共有オブジェクトのトラブルシューティング
このセクションでは、発生する可能性のある問題とそれの解決策を説明します。
共有オブジェクトにシンボルがない
生成された共有オブジェクトにシンボルが存在しません(エラーLi068)。
これを解決するには、共有オブジェクトからシンボルをエクスポートしなければなりません。シンボルは、-so_exportオプションまたはso_exportディレクティブを使ってエクスポートされます。‑‑so_exportおよびso_export ディレクティブを参照してください。
共有オブジェクトにシンボルが見つからない
共有オブジェクトに存在すべきシンボルが含まれていません。共有オブジェクト内のコンテンツによってエクスポートも参照もされていないシンボルは、ILINKリンカーによって破棄されます。
これを解決するには、シンボルをエクスポート、キープ、または#pragma requiredディレクティブを使用して、強制的に含めることができます。共有オブジェクトには、エクスポートされないシンボルを含めることができることに注意してください。どのシンボルがインポートまたはエクスポートされるかを確認するには、ielfdumparm を使用して、セクション .dynsym(動的リンカによってアクセスされるセクション)のコンテンツのリスト(ダンプ)を生成できます。共有オブジェクト内のすべてのシンボルを表示するには、セクション.symtab(ターゲットには転送されません)をダンプします。
‑‑so_export、so_export ディレクティブ、‑‑keep、keep ディレクティブ、required、およびIAR ELF Dumper — ielfdumpを参照してください。
共有オブジェクトでシンボルが定義されていない
エラーLi066が生成され、共有オブジェクトで定義されていないシンボルのリストが表示されます。

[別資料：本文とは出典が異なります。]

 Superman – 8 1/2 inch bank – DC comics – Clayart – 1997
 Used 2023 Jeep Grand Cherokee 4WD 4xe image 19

デフォルトでは、共有オブジェクトに定義されていないシンボルへの参照が含まれている場合、リンカがこのエラーを生成します。--so_importオプションまたはso_importリンカディレクティブを使用して、指定したシンボルを許可します。これらのシンボルは、共有オブジェクト内で外部として宣言されます。so_import *;を指定すると、すべての未定義シンボルを許可することもできます(*ワイルドカードに注意)。
別のオプションは、--diag_suppressまたは--diag_warningオプションを使用して、エラーを抑制するか、警告を低減します。
‑‑so_importおよびso_import ディレクティブを参照してください。
シンボルの定義、インポートとしての宣言の両方がされている
エラーLi067が生成され、共有オブジェクト内で定義され、かつインポートとして宣言されているシンボルのリストが表示されます。
共有オブジェクトでは、同じシンボルのインポートと定義の両方を行うことはできません。定義が間違って含まれてしまったか、最新でないso_importディレクティブを使用している可能性があります。
非公開シンボルがエクスポートされた
ワーニングLi069が生成され、visibility属性がhiddenに設定されエクスポートされたシンボルに名前が付けられます。問題は、コードが共有オブジェクトの外部から呼び出されないという想定のもとで生成されたことです。非公開のシンボルがエクスポートされると、その関数は「誰でも」呼び出すことができてしまいます。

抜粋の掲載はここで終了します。